====== PROVIDED DATA ======

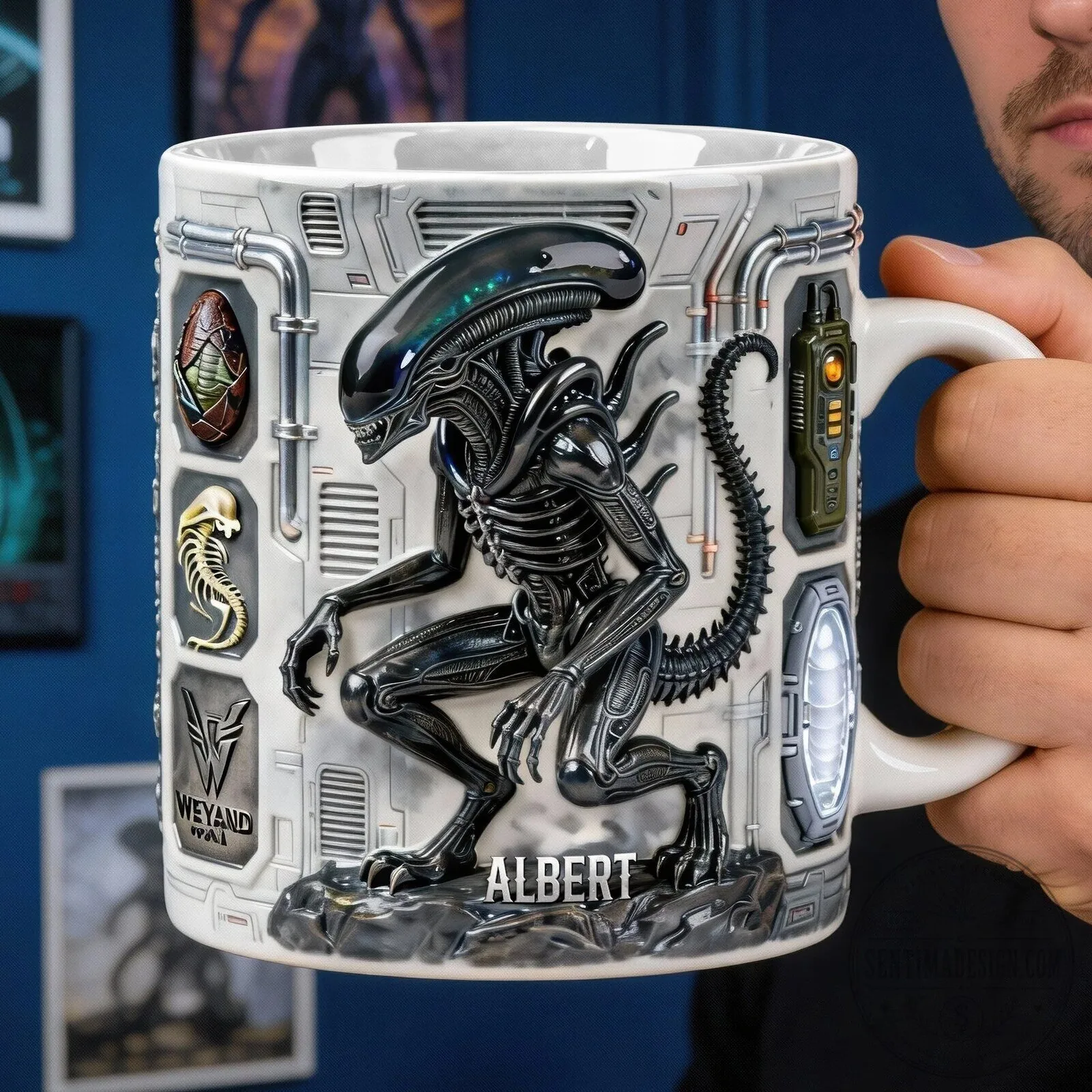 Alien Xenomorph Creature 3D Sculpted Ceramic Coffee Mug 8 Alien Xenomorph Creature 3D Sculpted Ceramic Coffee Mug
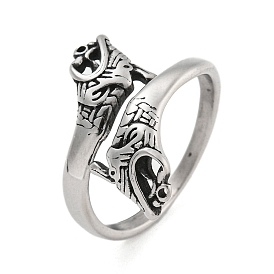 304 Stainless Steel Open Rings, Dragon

======
====== PROVIDED DATA ======

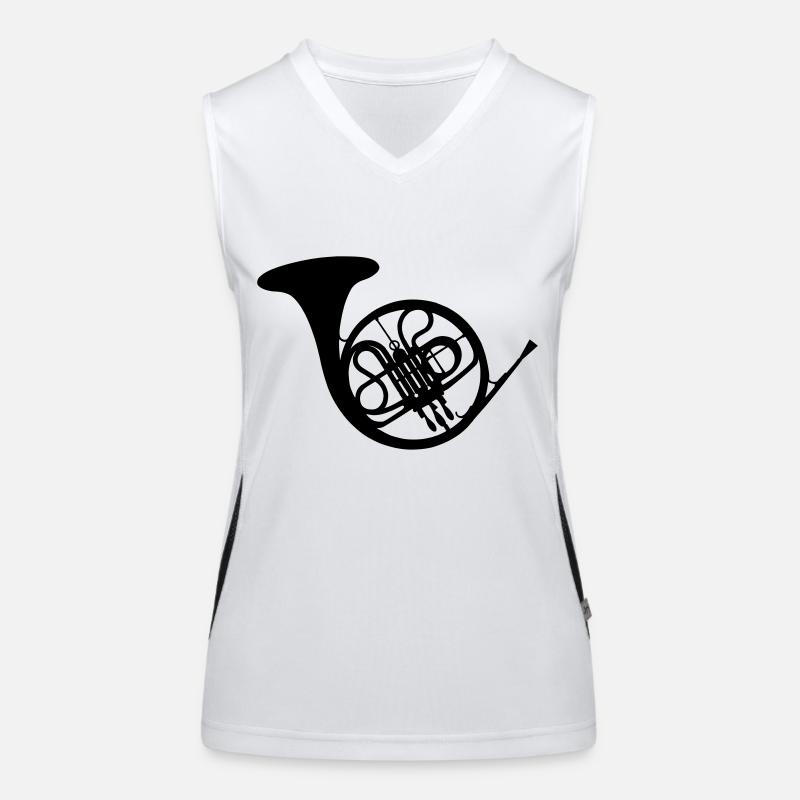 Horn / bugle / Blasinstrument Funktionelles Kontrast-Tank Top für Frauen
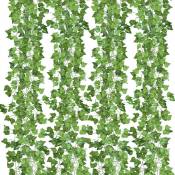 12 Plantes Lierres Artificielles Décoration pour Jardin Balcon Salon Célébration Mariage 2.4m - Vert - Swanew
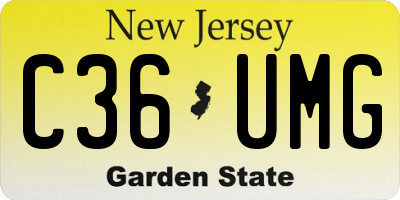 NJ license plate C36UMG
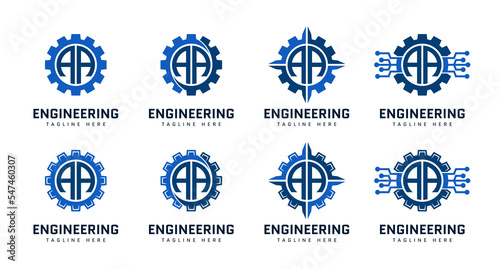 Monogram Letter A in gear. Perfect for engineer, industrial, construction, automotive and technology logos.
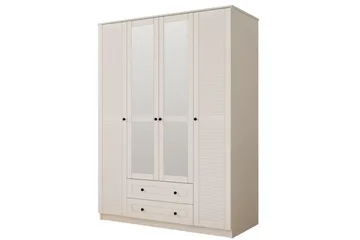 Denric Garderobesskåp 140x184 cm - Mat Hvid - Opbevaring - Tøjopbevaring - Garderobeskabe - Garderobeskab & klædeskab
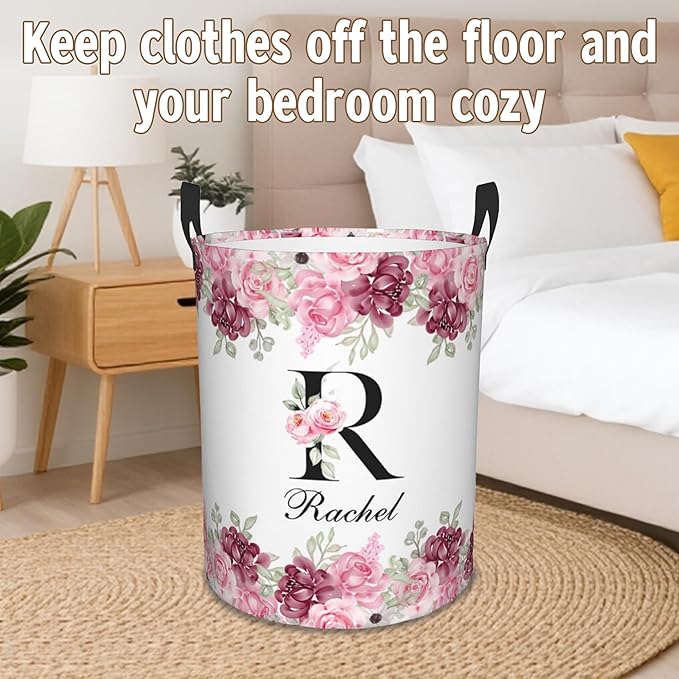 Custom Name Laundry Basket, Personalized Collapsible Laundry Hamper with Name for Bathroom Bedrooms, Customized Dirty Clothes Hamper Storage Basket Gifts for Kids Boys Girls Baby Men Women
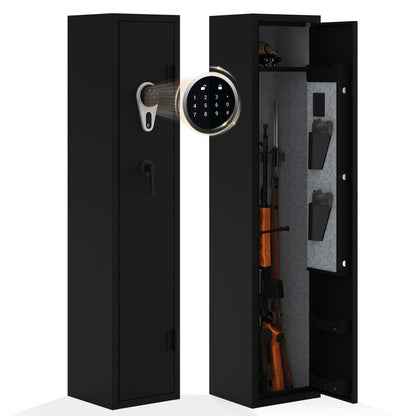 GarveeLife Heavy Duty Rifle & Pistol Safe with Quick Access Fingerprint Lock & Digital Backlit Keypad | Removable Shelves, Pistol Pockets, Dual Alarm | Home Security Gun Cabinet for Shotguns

======

Exact copy, pictures excluded: every line above from the one containing "Alien Xenomorph Creature 3D Sculpted Ceramic Coffee Mug 8" to the one containing "304 Stainless Steel Open Rings, Dragon", inclusive, and nothing more.

» PROBLEM SOLUTION:
 Alien Xenomorph Creature 3D Sculpted Ceramic Coffee Mug 8 Alien Xenomorph Creature 3D Sculpted Ceramic Coffee Mug
 304 Stainless Steel Open Rings, Dragon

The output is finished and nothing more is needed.